Pero eso fue hace ya sesenta y dos años y ahora lo del regalo ha ido alcanzando unas proporciones entonces impensables incluso para los promotores de tan ingenioso eslogan.
Ahora se hacen regalos a las catequistas que preparan a los niños para la primera comunión, a los profesores de párvulos y a los tutores de secundaria; en los bautizos, en las comuniones y, por supuesto, en los cumpleaños. También cuando una niña llega a la mayoría de edad, cuando el chaval no trae ningún suspenso en junio; en el día de la madre, que ahora no sabemos muy bien cuando es, en el día del padre, del abuelo y hay casos en que también se regala en el día del santo, aunque uno se llame Borbundoforo o Leovigilda.
Pero lo de las bodas... eso sí que es una demostración de elegancia social.

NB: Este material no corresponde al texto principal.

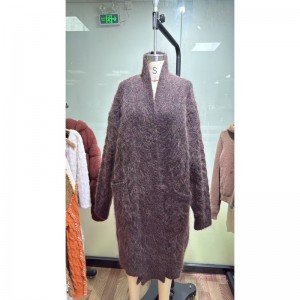 Ladies high rate mohair blend yarn knitted cardigan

Claro está que ante los despropósitos que se iban alcanzando, a alguien, creo que fue al Corte Inglés, se le ocurrió lo de la lista de bodas, y a otro que ignoro su identidad, mucho más pragmático, ideo lo de mandar con la invitación su número de cuenta en el banco para que los invitados le ingresasen allí los regalos; lo que dejaba sin coartada a los que acostumbraban a comprar el regalo en el mecadillo y luego lo metían en una bolsa de Loewe.

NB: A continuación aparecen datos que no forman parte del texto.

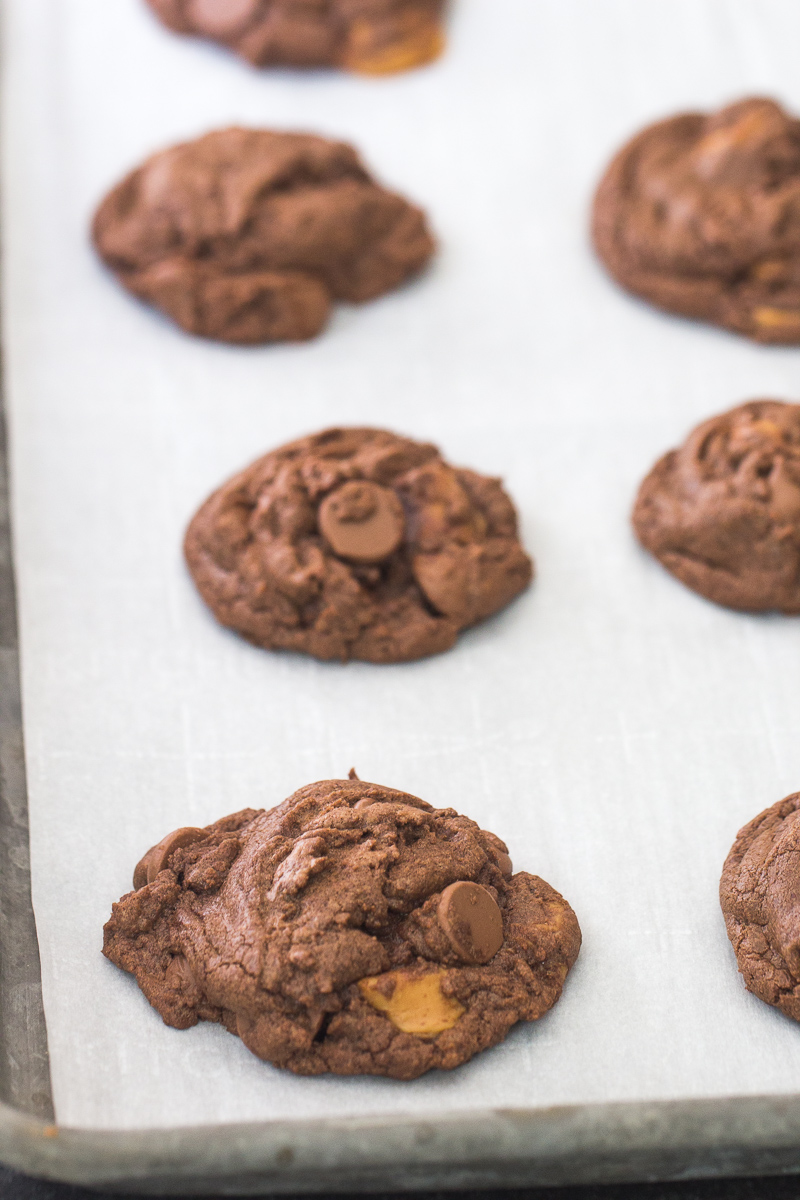 Chocolate Caramel Nutella Cookies on a baking sheet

Conozco a una pareja que no era partidaria de la lista de bodas y mucho menos de facilitar su cuenta bancaria, y se arriesgaron a dejar al libre albedrío de los invitados la elección del regalo. El resultado: cinco pares de relojes, un viaje de fin de semana en una casa con encanto, dos estancias en sendos Paradores a elegir, una visita a Caravaca de la Cruz con motivo de su año jubilar, tres juegos de café, dos yogurteras, dos cuberterias, una de acero inoxidable y otra de alpaca plateada, un cuadro de una marina que les pintó un amigo aficionado, y no muy bueno por cierto, que después no sabían dónde colocarlo. Y ¿para qué seguir? Dos juegos de vasos, una vajilla que tenía toda la pinta de haber sido un regalo anterior que no debía haber gustado a los receptores, y con toda razón, porque era francamente fea; etc. Etc. Etc., ¡Ah! Y un orinal de porcelana, que la novia pensó que era una sopera y que gracias a su suegra no lo utilizó como tal, en una comida de amigos.
A mí, personalmente, no me gusta que me hagan regalos, y espero que cuando celebre algún evento señalado, mis amigos hayan leído esto y actúen en consecuencia; pero, hablando ya en general, mi consejo es que nos olvidemos de una puñetera vez del viejo eslogan de Galerías Preciados, y pensemos que eso de la elegancia social del regalo no es nada más que una chorrada más que se les ocurre a los publicistas y que los demás terminamos aceptándolos como dogmas de fe.
De verdad, que no me gustan los regalos.